CERT-In issues advisory on Facebook data leak, over 6 million Indian users affected
India’s cyber security agency CERT-In (Indian Computer Emergency Response team) on Monday issued an advisory regarding the recent Facebook data leak.
The advisory has asked users to review Facebook privacy setting and ensure that profile data is not shared publicly. Flagged earlier this month, the Facebook data leak affected millions of users across 160 countries.
According to the advisory, the leaked data included full name, profile ID, full name, job occupation, phone number and date of birth of the users. The compromised data belonged to 450 million unique Facebook accounts globally, including 6.1 million Indian individuals.
However, no financial information or passwords of individuals were leaked, CERT-In said.
Earlier this month, Mike Clark, product management director at Faacebook said that the hackers had “scraped” data. “We believe the data in question was scraped from people’s Facebook profiles by malicious actors using our contact importer prior to September 2019. This feature was designed to help people easily find their friends to connect with on our services using their contact lists,” he said in a blog post.
Later, in a separate blog post, Clark said that Facebook was taking a “variety of actions” against data misuse, including sending cease and desist letters, disabling accounts, filing lawsuits against scrapers engaged in egregious behaviour and requesting companies hosting scraped data to take them down.

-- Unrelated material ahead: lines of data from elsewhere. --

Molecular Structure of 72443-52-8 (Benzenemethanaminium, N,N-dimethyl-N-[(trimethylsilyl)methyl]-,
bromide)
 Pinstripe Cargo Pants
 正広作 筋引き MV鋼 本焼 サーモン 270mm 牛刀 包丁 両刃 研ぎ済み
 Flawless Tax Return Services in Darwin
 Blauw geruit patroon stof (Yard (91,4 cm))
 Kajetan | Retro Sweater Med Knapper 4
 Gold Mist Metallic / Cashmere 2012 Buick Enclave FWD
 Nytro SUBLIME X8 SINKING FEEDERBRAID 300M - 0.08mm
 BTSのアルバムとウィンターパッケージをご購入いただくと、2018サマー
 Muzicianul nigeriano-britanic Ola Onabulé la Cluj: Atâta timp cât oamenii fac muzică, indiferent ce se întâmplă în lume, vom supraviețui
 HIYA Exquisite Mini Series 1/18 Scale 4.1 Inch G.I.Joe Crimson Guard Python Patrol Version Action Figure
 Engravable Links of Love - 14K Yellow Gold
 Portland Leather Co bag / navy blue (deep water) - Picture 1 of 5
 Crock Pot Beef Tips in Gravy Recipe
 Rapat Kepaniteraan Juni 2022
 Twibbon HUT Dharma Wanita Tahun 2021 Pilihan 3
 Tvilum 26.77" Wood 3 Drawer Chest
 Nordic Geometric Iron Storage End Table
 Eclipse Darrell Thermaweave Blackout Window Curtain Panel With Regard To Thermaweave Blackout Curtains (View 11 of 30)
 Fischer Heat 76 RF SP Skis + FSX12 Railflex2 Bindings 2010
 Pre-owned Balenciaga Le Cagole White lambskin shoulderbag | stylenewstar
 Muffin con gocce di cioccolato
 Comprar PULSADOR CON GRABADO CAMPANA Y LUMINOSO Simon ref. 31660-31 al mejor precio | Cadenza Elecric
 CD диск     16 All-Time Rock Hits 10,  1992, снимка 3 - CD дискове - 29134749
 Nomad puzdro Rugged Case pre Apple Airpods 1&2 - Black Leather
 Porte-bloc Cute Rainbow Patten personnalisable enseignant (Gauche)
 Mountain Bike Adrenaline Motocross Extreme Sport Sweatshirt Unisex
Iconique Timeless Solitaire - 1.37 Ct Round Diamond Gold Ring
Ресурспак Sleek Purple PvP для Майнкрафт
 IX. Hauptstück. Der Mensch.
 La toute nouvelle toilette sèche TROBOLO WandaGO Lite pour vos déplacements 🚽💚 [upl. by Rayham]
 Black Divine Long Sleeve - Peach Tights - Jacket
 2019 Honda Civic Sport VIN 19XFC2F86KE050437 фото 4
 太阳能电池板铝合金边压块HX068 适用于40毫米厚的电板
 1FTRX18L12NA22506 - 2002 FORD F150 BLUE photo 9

The social media giant has previously been a target of data leaks. The widespread Cambridge Analytica data breach affected 87 million Facebook users, sharing their personal data with the British political consulting firm. However, the unlawful data collected through third party API-integration effected Facebook users mostly in the US. More recently in India, WhatsApp in May 2019 reported that Israeli Surveillance group NSO was tracking over a 100 Indian journalists, social activists and individuals through its Pegasus spyware.